[Records contained in a dataset]

■ ■ ■ ■ ■ ■ ■

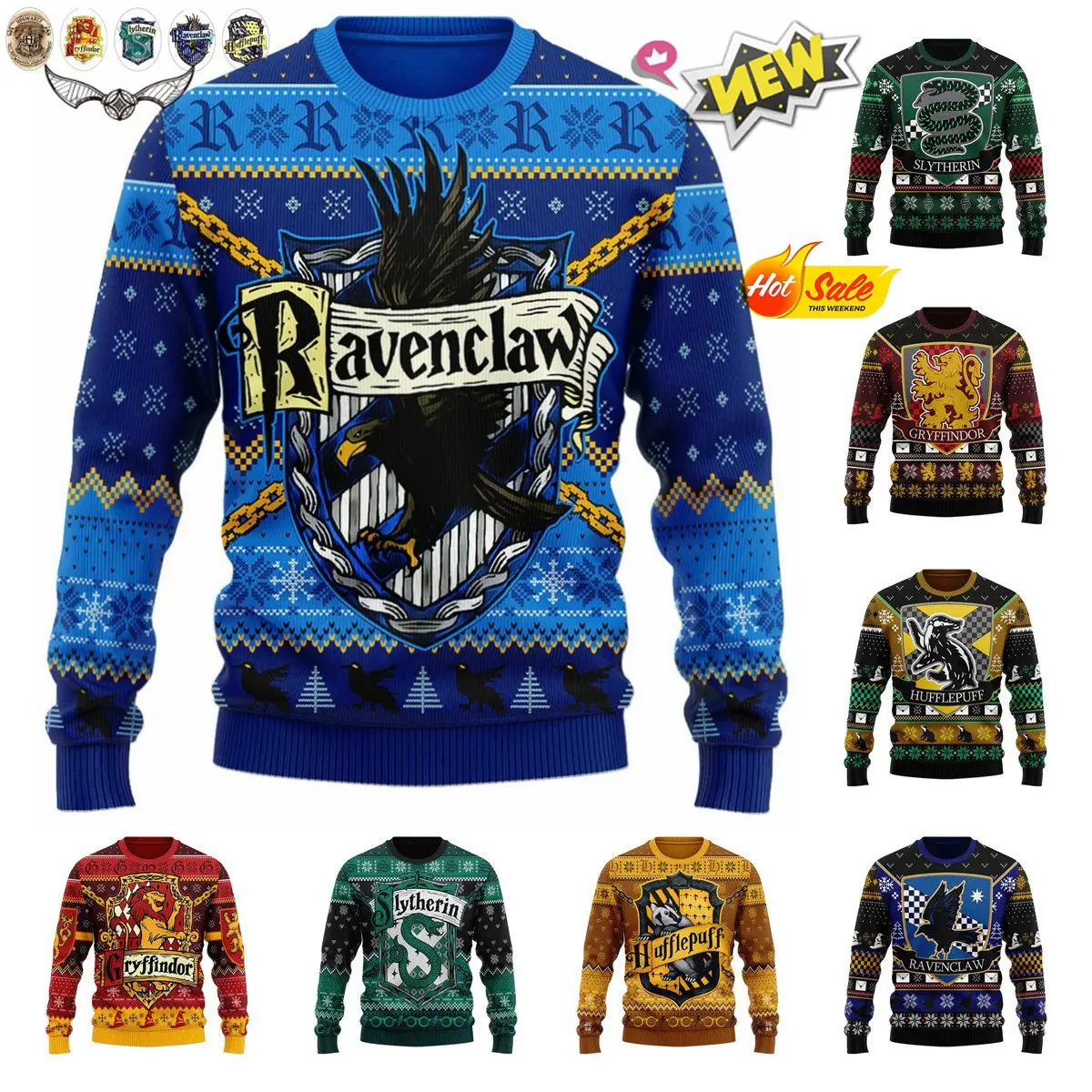 Harryy Potter Cosplay Thermal Sweater 3D Print Gryffindor Slytherin Sweatshirt Hermione Granger Couple Sweatshirt Holiday Gifts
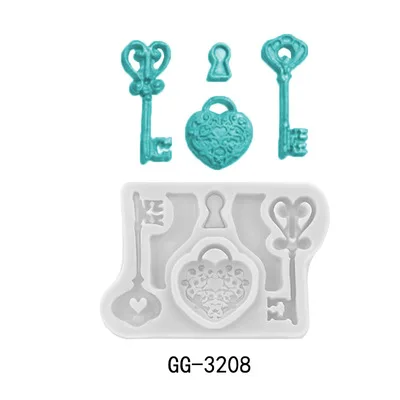 

Golden Key Shape Silicone Mold Kitchen Baking Resin Tools Cake Dessert Lace Decoration DIY Chocolate Candy Pastry Fondant Mold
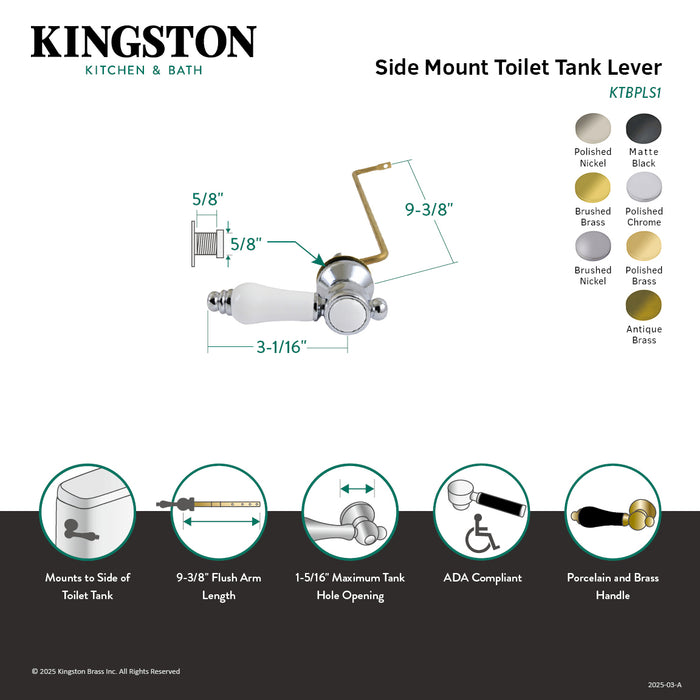 Kingston Heirloom KTBPLS3 - Bel-Air Side Mount Toilet Tank Lever, Antique Brass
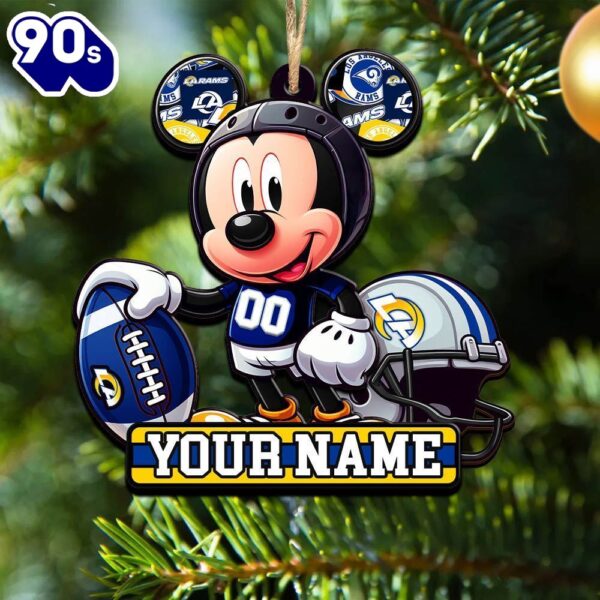 Ncaa Los Angeles Rams Mickey Mouse Ornament Personalized Your Name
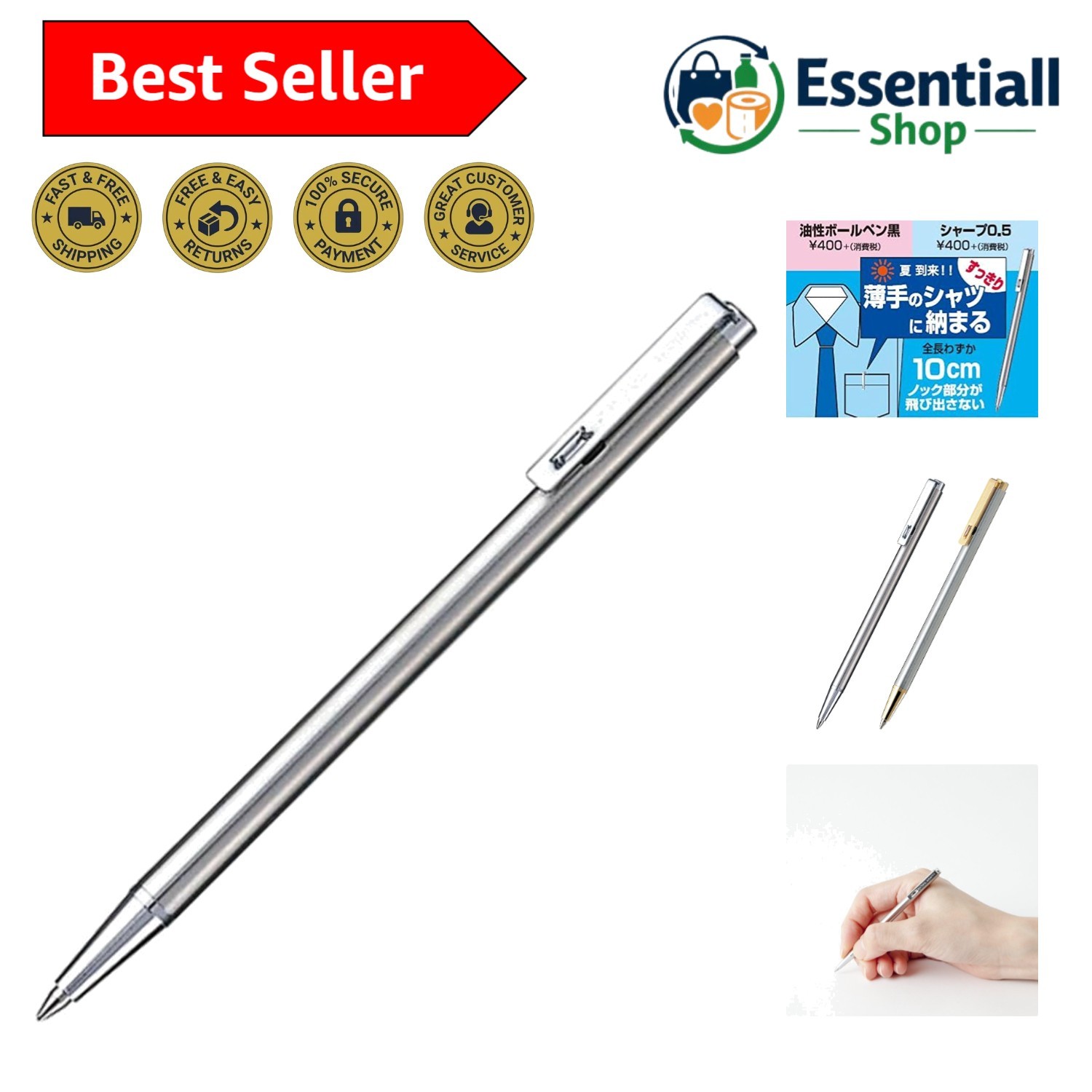 Mini Silver Ballpoint Pen 0.7mm - Lightweight, Modern & Perfect for Memos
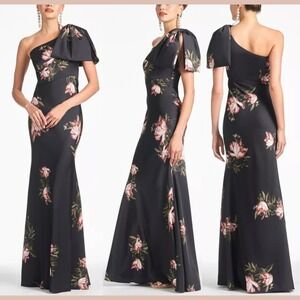 NWD $795 Sachin & Babi [ 10 ] One Shoulder Floral Aubrey Gown Noir Blossom J2094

■ ■ ■ ■ ■ ■ ■

Pictures are not part of the answer. Restate word for word the lines from the one with "Golden Key Shape" through the last line of the records.

Golden Key Shape Silicone Mold Kitchen Baking Resin Tools Cake Dessert Lace Decoration DIY Chocolate Candy Pastry Fondant Mold
 Kingston Heirloom KTBPLS3 - Bel-Air Side Mount Toilet Tank Lever, Antique Brass
 Ncaa Los Angeles Rams Mickey Mouse Ornament Personalized Your Name
 Mini Silver Ballpoint Pen 0.7mm - Lightweight, Modern & Perfect for Memos
 NWD $795 Sachin & Babi [ 10 ] One Shoulder Floral Aubrey Gown Noir Blossom J2094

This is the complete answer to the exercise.